----- Data for this exercise -----

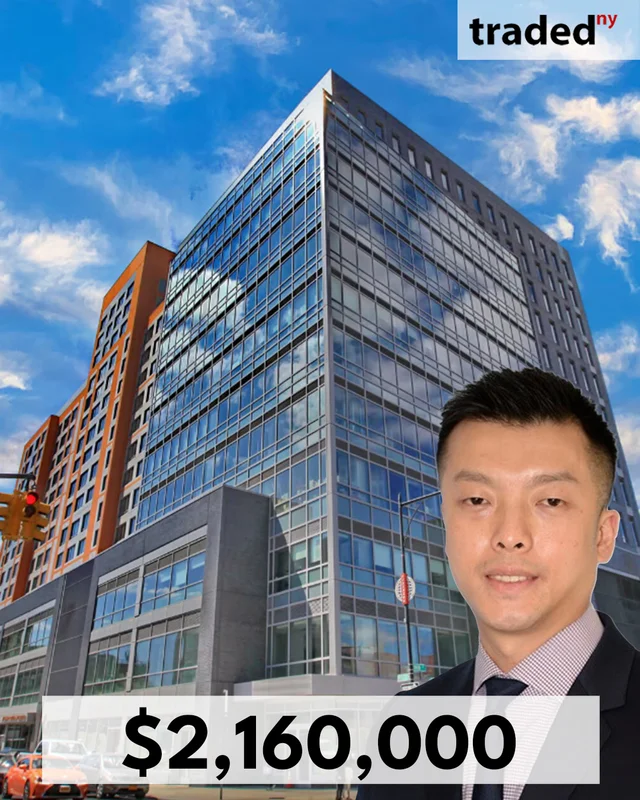 Yang Qiu Acquires Office At 38-08 Union Street In Flushing For $2,160,000 With Frank Ko As The Broker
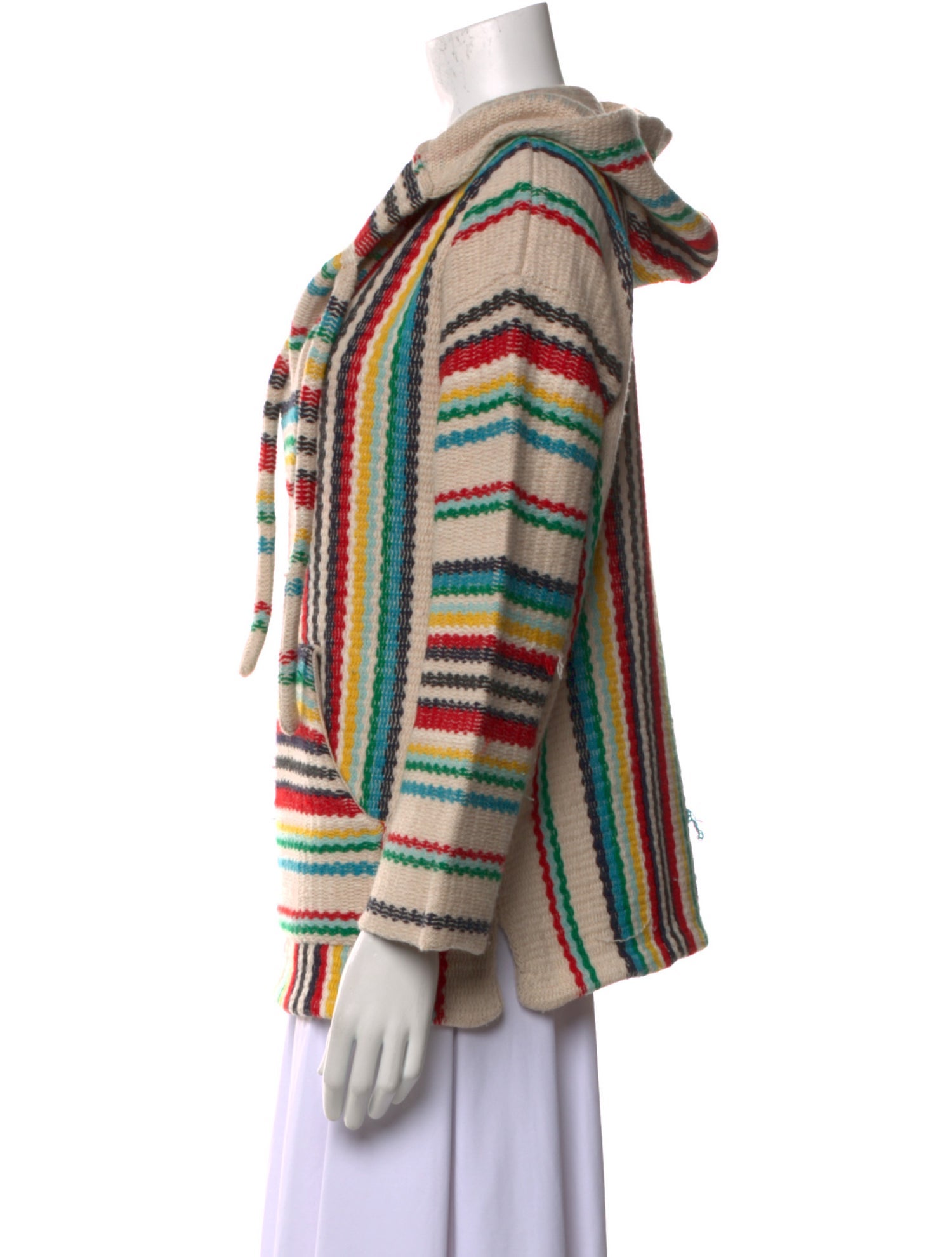 Alanui Wool Striped Sweater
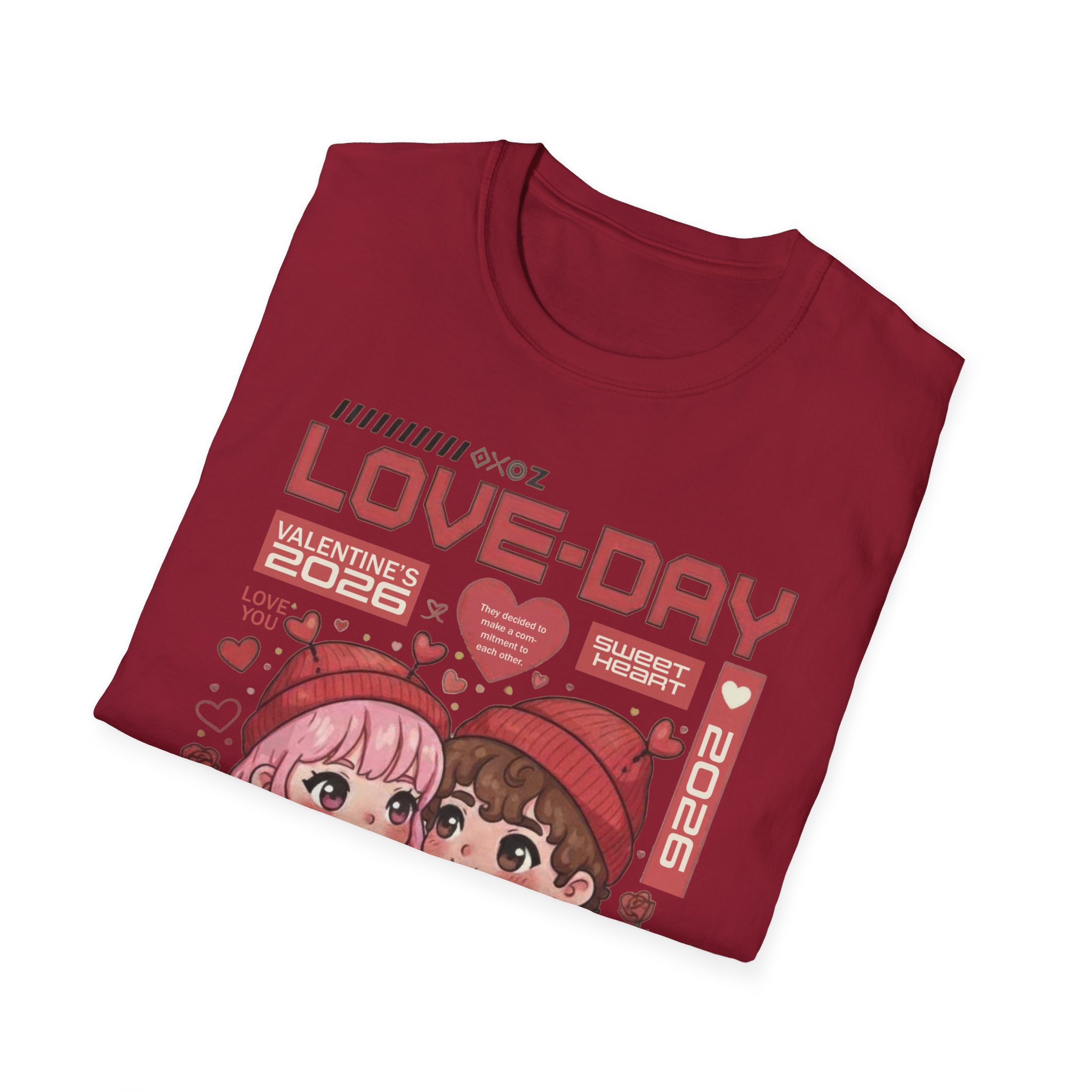 Valentine Cute Couple T-Shirt - Ảnh 68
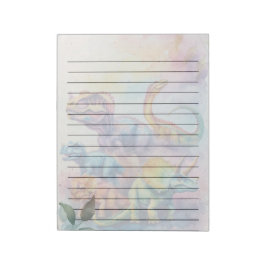 Cuaderno de notas de Dino adorable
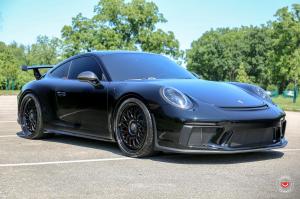 Porsche 911 GT3 on Vossen Wheels (ERA-1) 2019 года
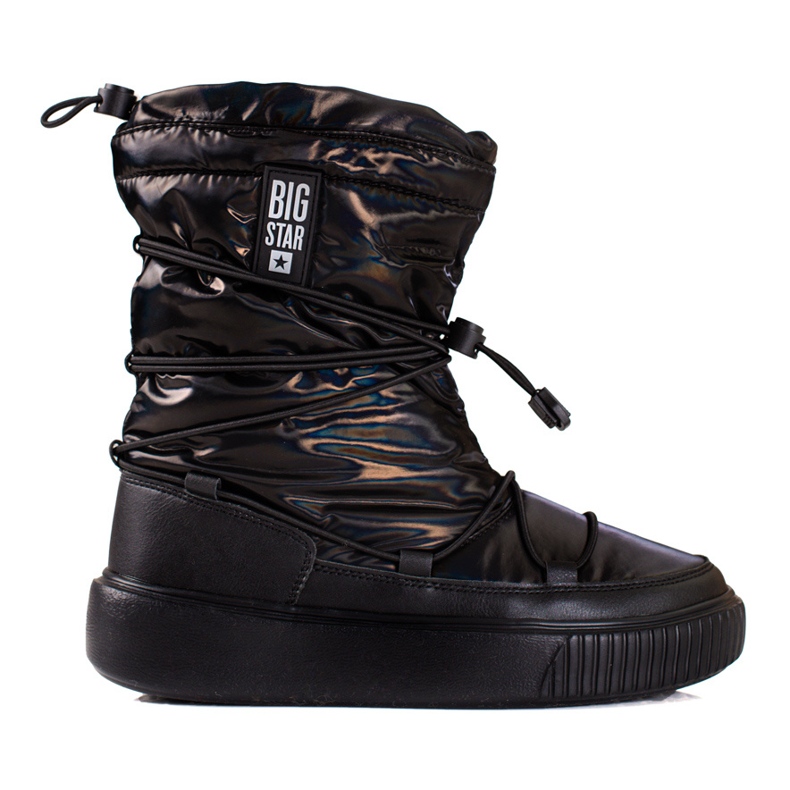 Doposci da donna neri Big Star KK274193 nero
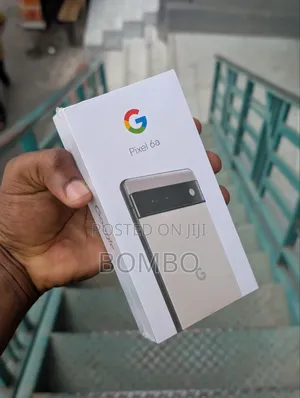 New Google Pixel 6a 128 GB White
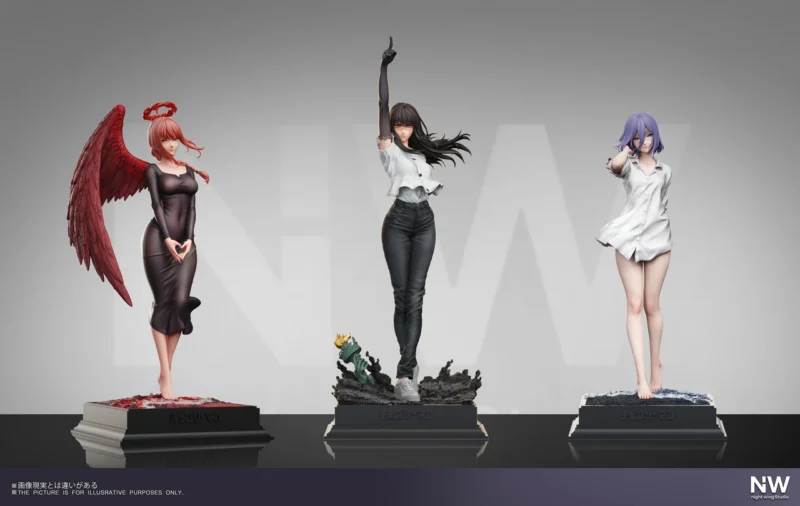 チェンソーマン - レゼ 1/6・1/4 スタチュー Night Wing Studio 10 チェンソーマン - レゼ 1/6・1/4 スタチュー Night Wing Studio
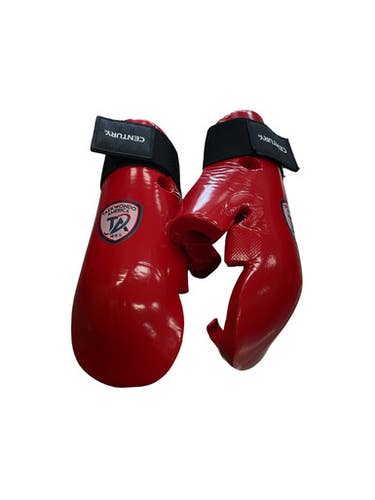 Used Martial Arts Hand Pads Red Sm 11859-s000021870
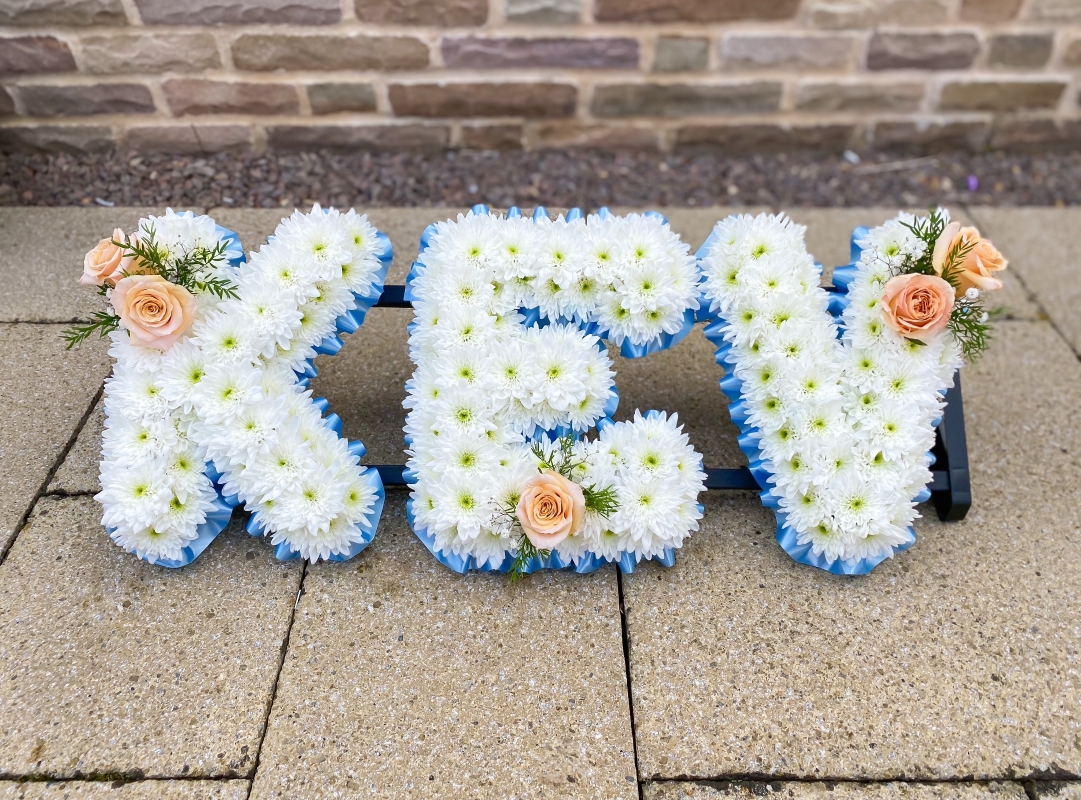 Floral Letters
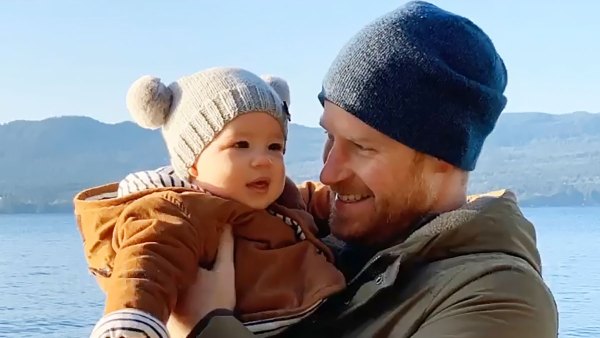 Prince Harry Gushes About Playing Rugby With Son Archie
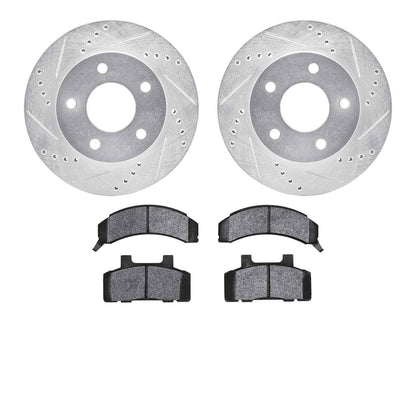 Dynamic Friction Company Disc Brake Kit 7502-45053
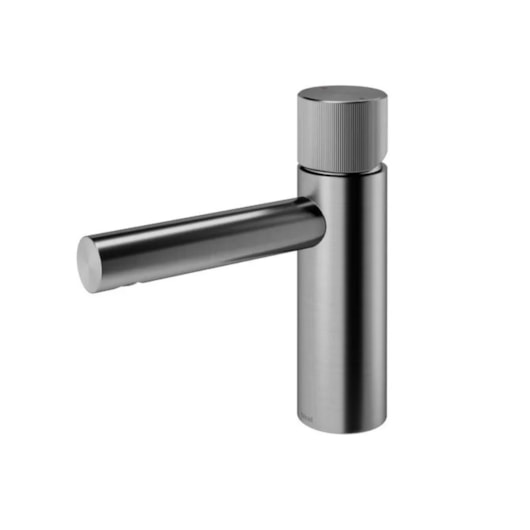 Misturador Monocomando De Mesa Para Lavatório Grafite Escovado Mix&Match Docol - Imagem principal - 4cd5f525-27cf-4b07-9558-c1acc6c660ad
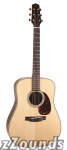 Takamine EF360SBG Dreadnought Acoustic-Electric Guitar (With Case)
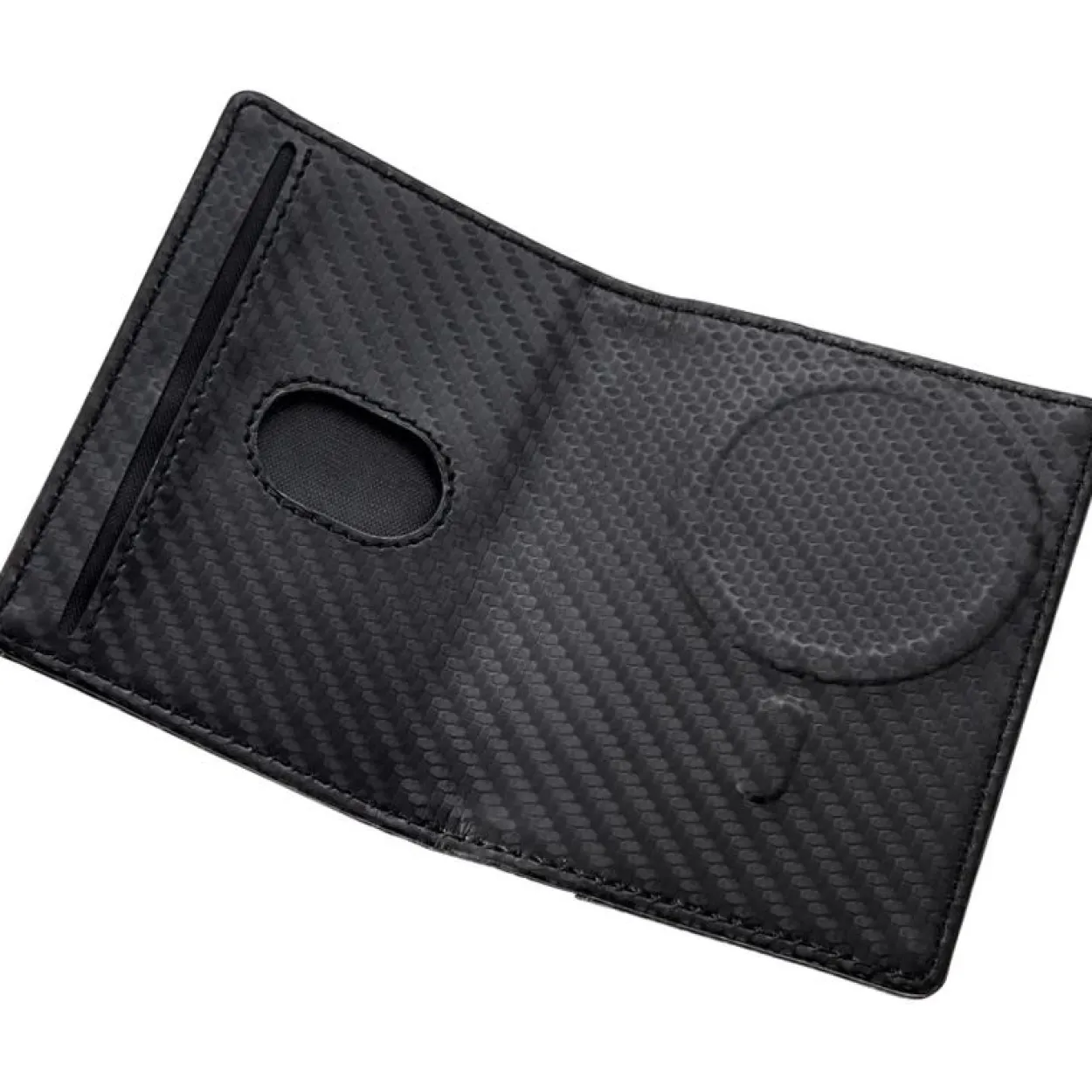 TROIKA 2-in-1 Wallet SHERLOCK HOME CARBON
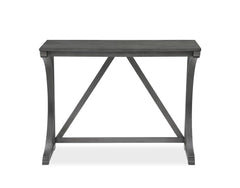 BELLA COUNTER TABLE & 2 STOOLS-GRAY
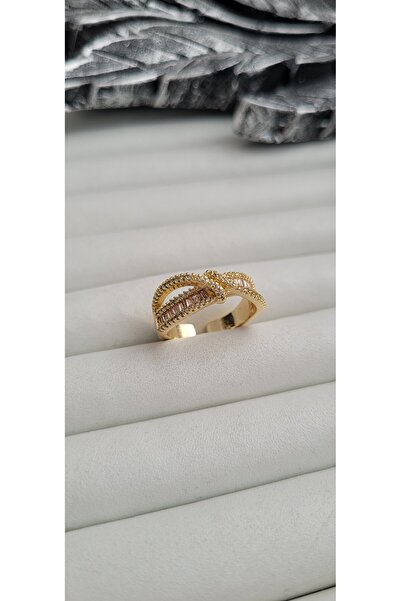 YİĞİTKARANAKSESUAR خاتم حلزوني من الأحجار الكريمة الملونة قابل للتعديل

-----

Brief
Locate the line containing "Alanui Wool Striped Sweater" in the records above, then output it and every line after it through the last, excluding pictures.

Answer section
 Alanui Wool Striped Sweater
 Valentine Cute Couple T-Shirt - Ảnh 68
 Cuaderno de notas de Dino adorable
 Porsche 911 GT3 on Vossen Wheels (ERA-1) 2019 года
 Doposci da donna neri Big Star KK274193 nero
 New Google Pixel 6a 128 GB White
 チェンソーマン - レゼ 1/6・1/4 スタチュー Night Wing Studio 10 チェンソーマン - レゼ 1/6・1/4 スタチュー Night Wing Studio
 Used Martial Arts Hand Pads Red Sm 11859-s000021870
 Floral Letters
 Prince Harry Gushes About Playing Rugby With Son Archie
 Dynamic Friction Company Disc Brake Kit 7502-45053
 Misturador Monocomando De Mesa Para Lavatório Grafite Escovado Mix&Match Docol - Imagem principal - 4cd5f525-27cf-4b07-9558-c1acc6c660ad
 Takamine EF360SBG Dreadnought Acoustic-Electric Guitar (With Case)
 TROIKA 2-in-1 Wallet SHERLOCK HOME CARBON
 BELLA COUNTER TABLE & 2 STOOLS-GRAY
 YİĞİTKARANAKSESUAR خاتم حلزوني من الأحجار الكريمة الملونة قابل للتعديل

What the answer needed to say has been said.